# [Problem description]
Here the job is to transcribe the data exactly while omitting the images.

# [Recorded information]

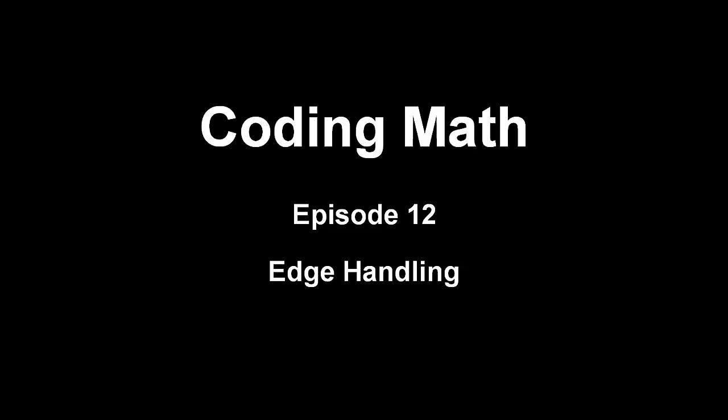We're continuing the series on basic physics for programmers, and I want to reiterate that we're not talking about hardcore physics here, but techniques that you can use to simulate basic physics for games, user interfaces, non-scientific simulations, etc.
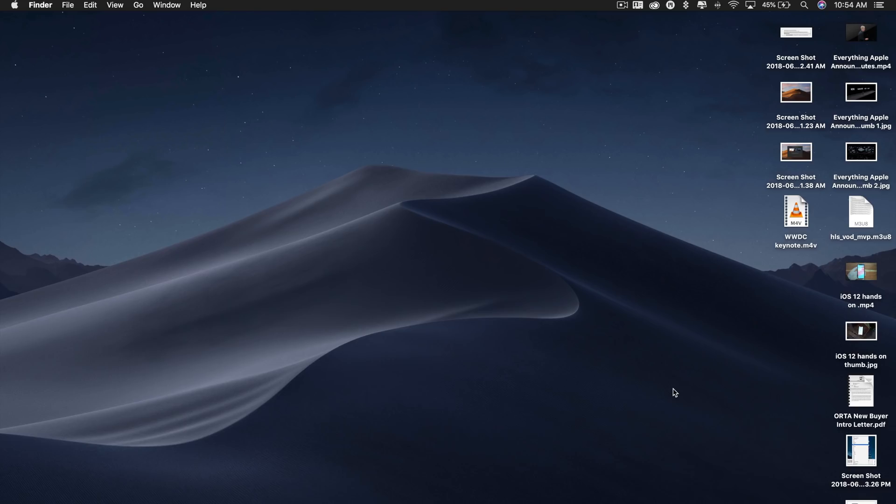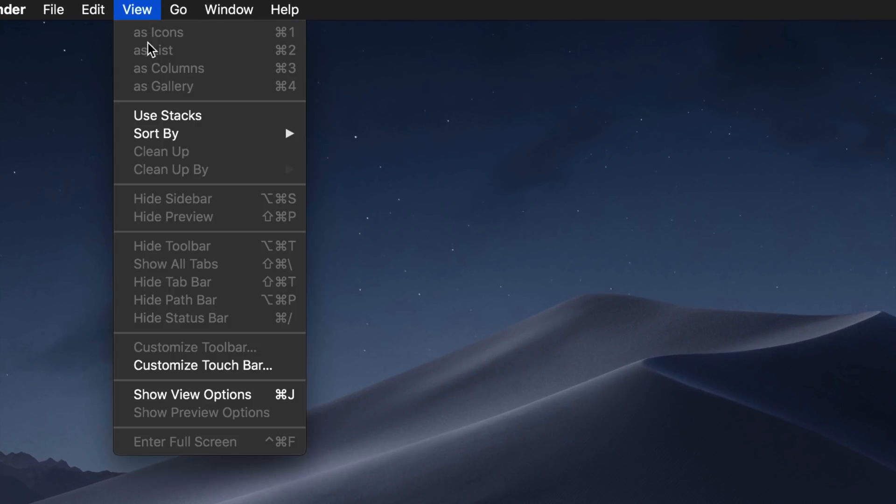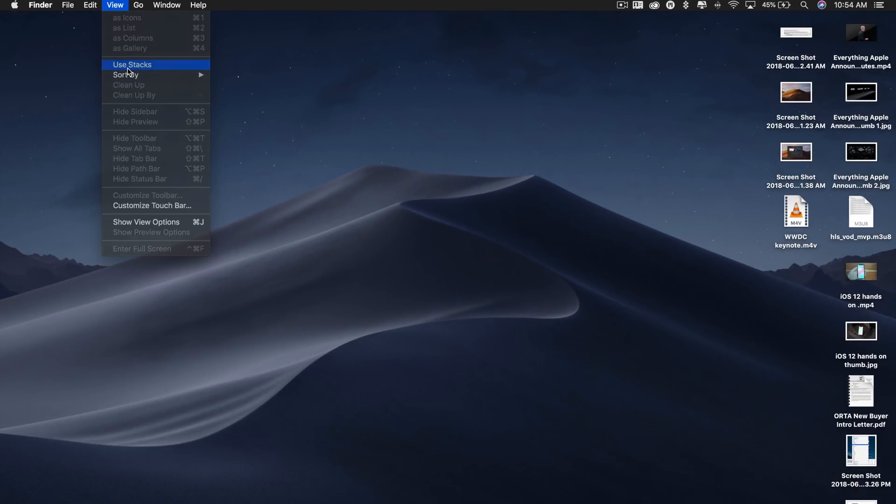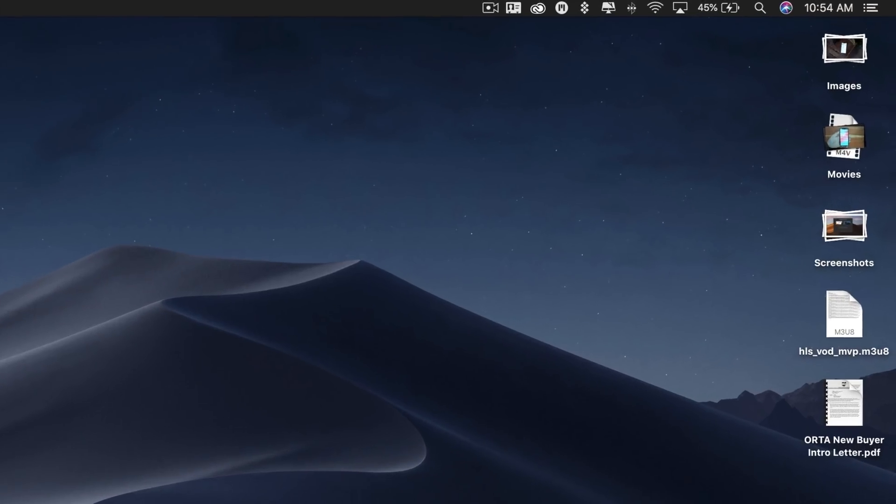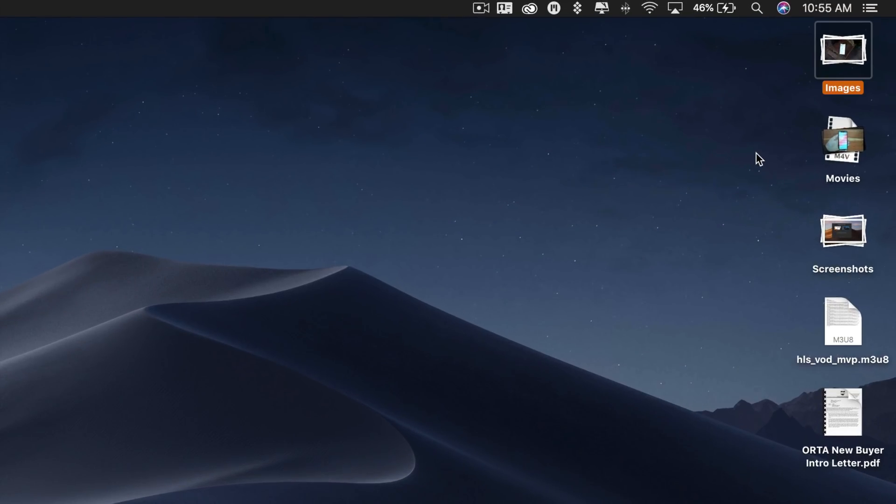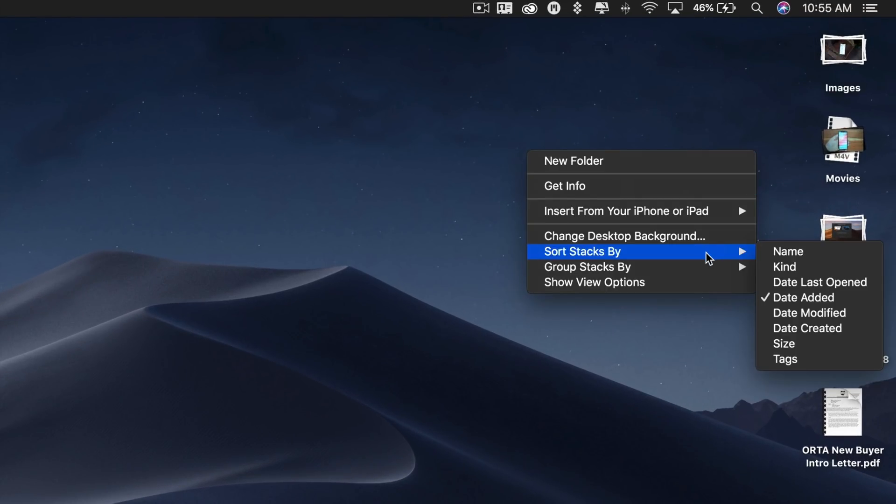Desktop Stacks is a new feature that I'm also really happy to see make its way into macOS Mojave. The new Stacks feature organizes messy desktops by automatically stacking files into neat groups based on file type. Users can customize their stacks to sort based on other file attributes like date and tags.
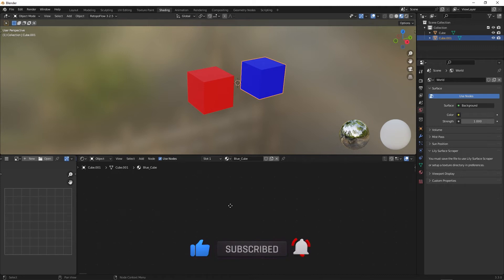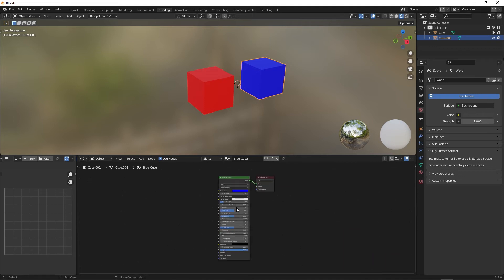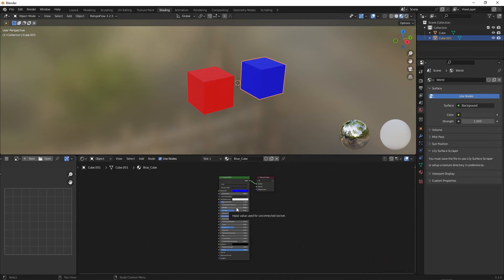So instead of scrolling in and out and moving the grid in every direction to find it, you can just click into the grid and hit the Home key on your keyboard, and it will snap us directly in front of the node.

# [Answer space]
We're continuing the series on basic physics for programmers, and I want to reiterate that we're not talking about hardcore physics here, but techniques that you can use to simulate basic physics for games, user interfaces, non-scientific simulations, etc.
Desktop Stacks is a new feature that I'm also really happy to see make its way into macOS Mojave. The new Stacks feature organizes messy desktops by automatically stacking files into neat groups based on file type. Users can customize their stacks to sort based on other file attributes like date and tags.
So instead of scrolling in and out and moving the grid in every direction to find it, you can just click into the grid and hit the Home key on your keyboard, and it will snap us directly in front of the node.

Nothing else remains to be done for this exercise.